Department of Internal Medicine, Division of Rheumatology, Baskent University Faculty of Medicine, Ankara, Turkey.
Department of Internal Medicine, Baskent University Faculty of Medicine, Ankara, Turkey.
Clin Transplant. 2023 Feb;37(2):e14888. doi: 10.1111/ctr.14888. Epub 2023 Jan 3.
Long-term kidney transplantation (KT) results in patients with familial Mediterranean fever (FMF)-related amyloidosis are not well studied. This study reviewed the long-term survival outcomes of FMF patients who underwent KT.
We compared the outcomes of 31 patients who underwent (KT) for biopsy-proven amyloidosis secondary to FMF with 31 control patients (five with diabetes mellitus and 26 with nondiabetic kidney disease) undergoing KT between 1994 and 2021 at Başkent University Hospital. All data were recorded retrospectively from patients' files.
THE MEDIAN AGE (QUARTILE DEVIATION: QD) at the time of KT in the FMF and control group were 31 (6.7) and 33 (11), respectively. The median follow-up period (QD) after KT was 108 (57) months in the FMF and 132 (72) months in the control group. In the FMF group, graft and patient survivals were 71% and 84% at 5 years and 45% and 48% at 10 years, respectively. In the control group, graft and patient survivals were 79% and 100% at 5 years and 63% and 71% at 10 years, respectively. Patient survival in the FMF group at 5 years was significantly lower than in the control group (p = .045). There was no statistically significant difference between the FMF and control groups in terms of graft and patient survival, and serum creatinine levels at 10 years. All patients were given triple immunosuppressive treatment with cyclosporine, mycophenolate mofetil, and prednisolone. Three patients received anakinra and one received canakinumab in addition to colchicine treatment. One FMF patient also underwent heart transplantation due to AA amyloidosis. Of the FMF patients, 11 died during follow-up.

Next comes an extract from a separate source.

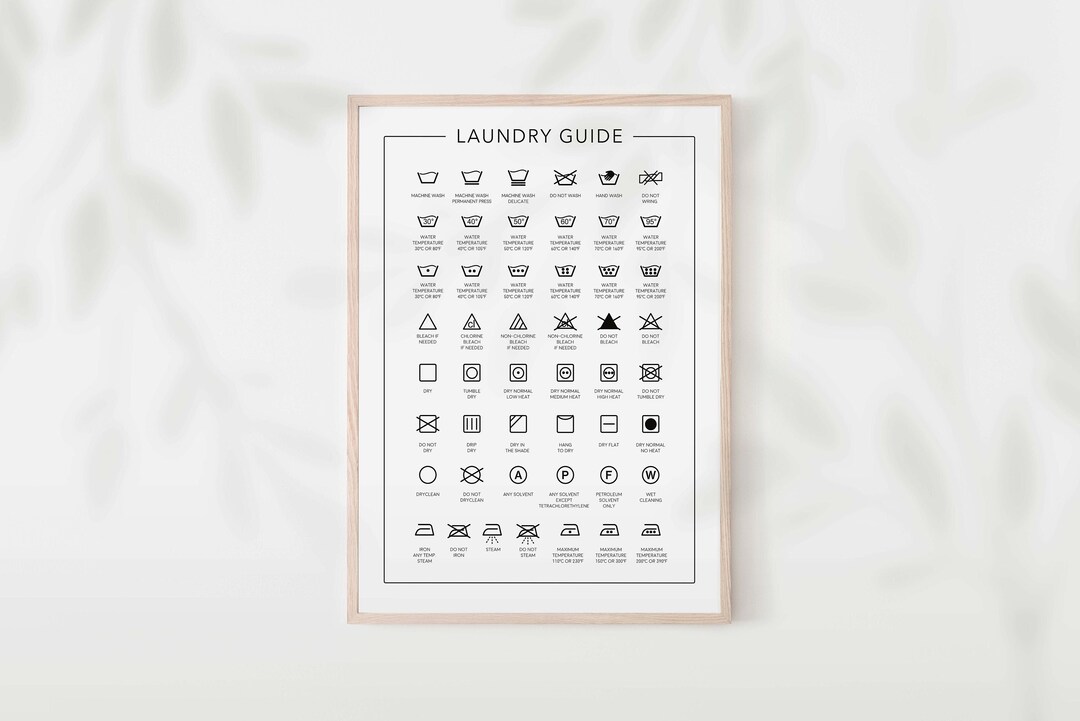 Laundry Care Guide Poster, Laundry Room Decor, Laundry Room Sign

We have found that the long-term outcome of KT in patients with FMF amyloidosis is numerically worse but not statistically different from the control group. However, short- and long-term complications still need to be resolved.
长期接受肾移植(KT)的家族性地中海热(FMF)相关淀粉样变性患者的结果尚未得到充分研究。本研究回顾了接受 KT 的 FMF 患者的长期生存结果。
我们比较了 31 名接受 KT 的患者(活检证实为 FMF 引起的淀粉样变性)与 31 名对照组患者(5 例糖尿病和 26 例非糖尿病肾病)的结局,这些患者于 1994 年至 2021 年在 Başkent 大学医院接受 KT。所有数据均从患者的档案中回顾性记录。
FMF 组和对照组患者 KT 时的中位年龄(四分位距[QD])分别为 31(6.7)和 33(11)。FMF 组 KT 后中位随访时间(QD)为 108(57)个月,对照组为 132(72)个月。在 FMF 组,5 年时移植物和患者存活率分别为 71%和 84%,10 年时分别为 45%和 48%。在对照组中,5 年时移植物和患者存活率分别为 79%和 100%,10 年时分别为 63%和 71%。FMF 组患者 5 年时的存活率明显低于对照组(p = 0.045)。FMF 组和对照组在 10 年时移植物和患者存活率以及血清肌酐水平方面无统计学差异。所有患者均接受环孢素、霉酚酸酯和泼尼松龙三联免疫抑制治疗。3 例患者接受阿那白滞素治疗,1 例患者接受卡那单抗治疗,同时接受秋水仙碱治疗。1 例 FMF 患者还因 AA 淀粉样变性接受了心脏移植。在 FMF 患者中,11 例患者在随访期间死亡。
我们发现,FMF 淀粉样变性患者 KT 的长期结果在数值上较差,但与对照组无统计学差异。然而,仍需要解决短期和长期并发症的问题。